Kevin: I’m not rejecting the nihilism of this show, one in which the winner of those games would be incapable of putting into motion a happier life. But the “Old Man” twist, like I said, felt so cheap to me that I don’t think there was enough motivation for him to not get on the plane and go back. So I felt robbed of my happy ending, which, again, is fair, but also robbed of a character arc that, until then, had been so carefully drawn.

Laura: That’s a very fair frustration—one that I definitely agree with. The bet between the two men about whether or not anyone would help the drunk man freezing to death on the sidewalk outside also felt cliché and lacked the nuance that I so liked about the show’s metaphors as a whole. I know we’ve been chatting for a minute, but since we’re discussing the ending I do feel compelled to ask, what did you think of Cho Sang-woo, who seems to have become the show’s most divisive character? How did you feel about his death and the way it happened?

Kevin: It’s one of those things where, if you asked me early on in the series how this show would end, I could have predicted it would be a showdown between him and Gi-hun.

Laura: Totally. Squid Game really showed its hand too early by making his sabotage so clear to us in the first game; by the time they actually duke it out, it’s a little anticlimactic.
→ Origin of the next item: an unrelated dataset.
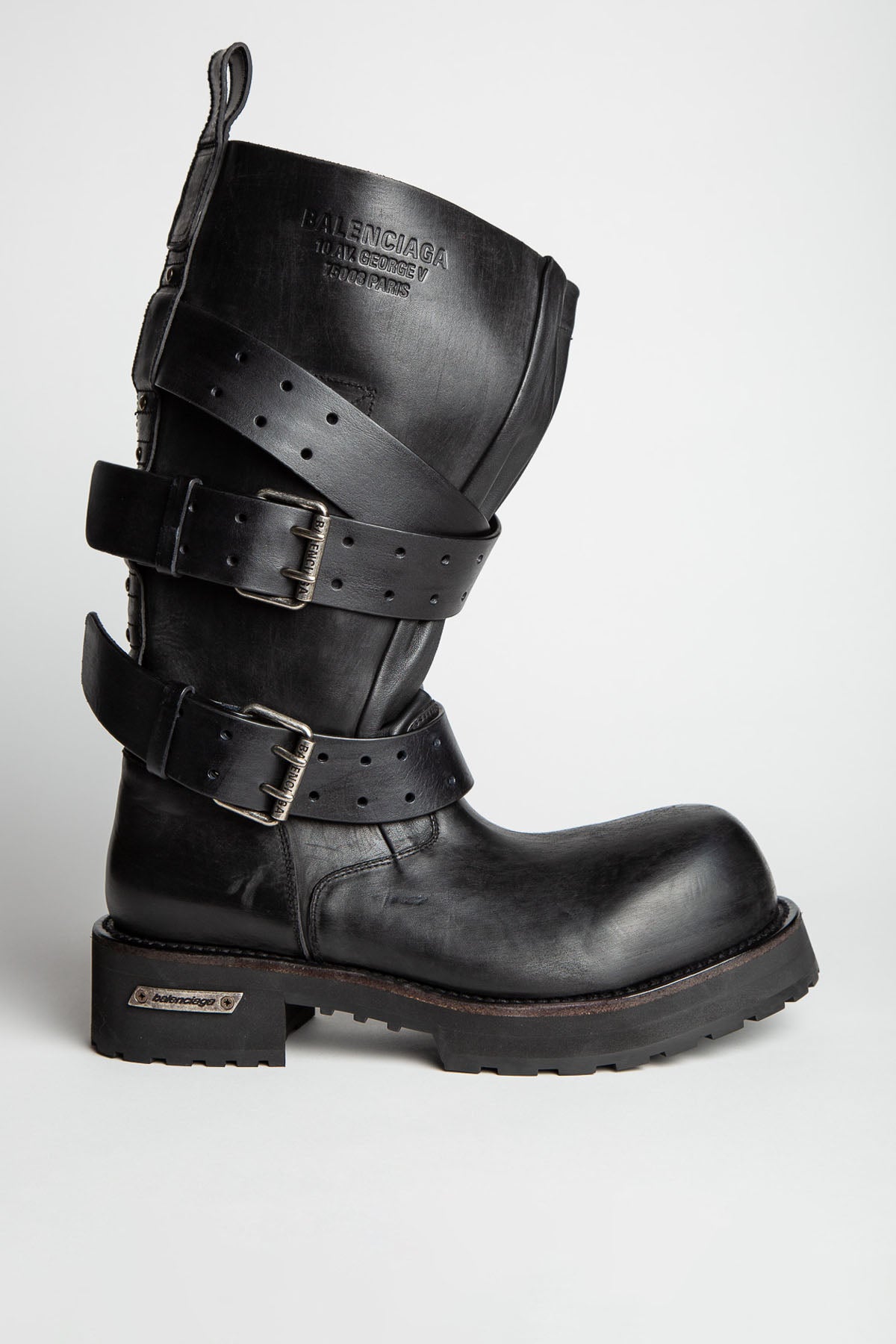 BALENCIAGA MEN'S VENOM HIGH BOOTS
Kevin: I think the intelligence of this series is that you could understand every decision Sang-woo made, even the ones that we would, in our vocabulary learned from decades of heroes vs. villains in this genre, rule “evil.” But because it was so predictable that a final showdown would be between these two old friends, I weirdly felt a lack of tension while watching the Squid Game—even though the stakes were so high. Am I a monster for feeling so meh about that scene?

Laura: I agree that the smart thing about his character is how we’re led to understand his choices, even if we understand them to be deplorable. Still, I wish the show had dug just a little deeper into Gi-hun and Sang-woo’s dynamic. I feel like the point we’re meant to take away is, as you said, that this game corrupts everyone—but Sang-woo taking his own life and allowing Gi-hun to win without actively killing someone deflates it a bit for me.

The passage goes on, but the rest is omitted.